Dapsone is used in rifampin-based multiple-drug regimens for the treatment of multibacillary and paucibacillary leprosy. Although dapsone was used alone in the past for the treatment of leprosy, the World Health Organization (WHO) and most clinicians currently recommend that rifampin-based multiple-drug regimens be used for the treatment of all forms of leprosy.

Leprosy

Multiple-drug regimens may reduce infectiousness of the patient more rapidly as well as delay or prevent the emergence of resistant organisms. Rifampin-based regimens are necessary because of the increasing incidence of dapsone-resistant Mycobacterium leprae, and these regimens are designed to be effective against all strains of M. leprae, regardless of their susceptibility to dapsone.
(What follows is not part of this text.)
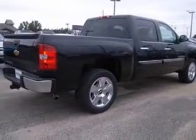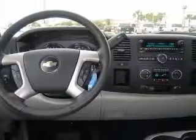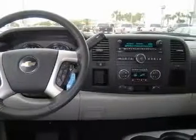This vehicle has a black exterior and includes the following options: 4-wheel ABS brakes, air conditioning, bed length 69.3 inches, clock-in radio, compass, cruise control, daytime running lights, and dusk-sensing headlights.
Because rifampin is bactericidal against M. leprae, once-monthly administration of rifampin is the principal component of the currently recommended multiple-drug regimens; dapsone and clofazimine are included in the regimens to prevent the emergence of rifampin-resistant M. leprae.

Leprosy

For the treatment of multibacillary leprosy (i.e., more than 5 lesions or skin smear positive for acid-fast bacteria), the WHO currently recommends a 12-month multiple-drug regimen that includes rifampin, clofazimine, and dapsone. If a patient receiving this regimen experiences severe adverse effects related to dapsone, the WHO states that dapsone may be discontinued and rifampin and clofazimine continued at usually recommended dosages.

For the treatment of paucibacillary leprosy (i.e., 2-5 lesions), the WHO recommends a 6-month regimen of rifampin and dapsone. If a patient receiving this regimen experiences severe adverse effects related to dapsone, the WHO states that dapsone may be discontinued and clofazimine (given in the usual dosage recommended for multibacillary leprosy) may be substituted.

Dermatitis Herpetiformis

Dapsone is the drug of choice for the treatment of dermatitis herpetiformis.
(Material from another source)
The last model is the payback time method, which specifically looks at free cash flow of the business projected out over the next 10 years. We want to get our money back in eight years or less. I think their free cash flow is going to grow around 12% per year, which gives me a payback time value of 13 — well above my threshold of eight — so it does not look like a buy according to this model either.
Most clinicians recommend that sulfapyridine be used in the treatment of dermatitis herpetiformis only when dapsone cannot be used. In responsive patients, initiation of dapsone therapy usually results in a prompt decrease in pruritus and control of skin lesions of dermatitis herpetiformis; however, dapsone has no effect on cutaneous IgA and complement deposition.

Dermatitis Herpetiformis

Discontinuance of dapsone therapy generally results in rapid exacerbation of lesions and severe pruritus. The use of a gluten-free diet in conjunction with dapsone therapy results in improvement of clinical symptoms and lowers dapsone maintenance dosage requirements in approximately 60% of patients.
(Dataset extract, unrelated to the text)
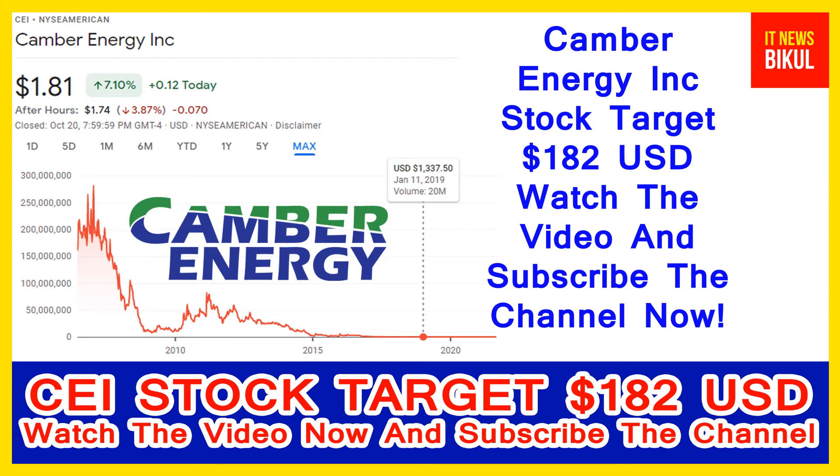You can clearly see on the chart of Camber Energy stock, the highest price was made on 11th January 2019 at $1,337.50 USD. Now Camber Energy stock is available at a very cheap rate and there is a very big opportunity for investment, because a bounce back chart pattern is appearing and has begun now.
Pneumocystis jiroveci (Pneumocystis carinii) Pneumonia

Treatment

Dapsone is used in conjunction with trimethoprim for the treatment of initial episodes of Pneumocystis jiroveci (formerly Pneumocystis carinii) pneumonia (PCP) in adults with acquired immunodeficiency syndrome (AIDS); dapsone is designated an orphan drug by the US Food and Drug Administration (FDA) for use in this condition. A combination regimen of dapsone (100 mg once daily) and trimethoprim (20 mg/kg daily in 4 divided doses) given for 21 days is effective for the treatment of initial episodes of PCP in patients with AIDS, achieving a clinical response rate of 93% in one study in patients with mild to moderately severe initial episodes of the disease.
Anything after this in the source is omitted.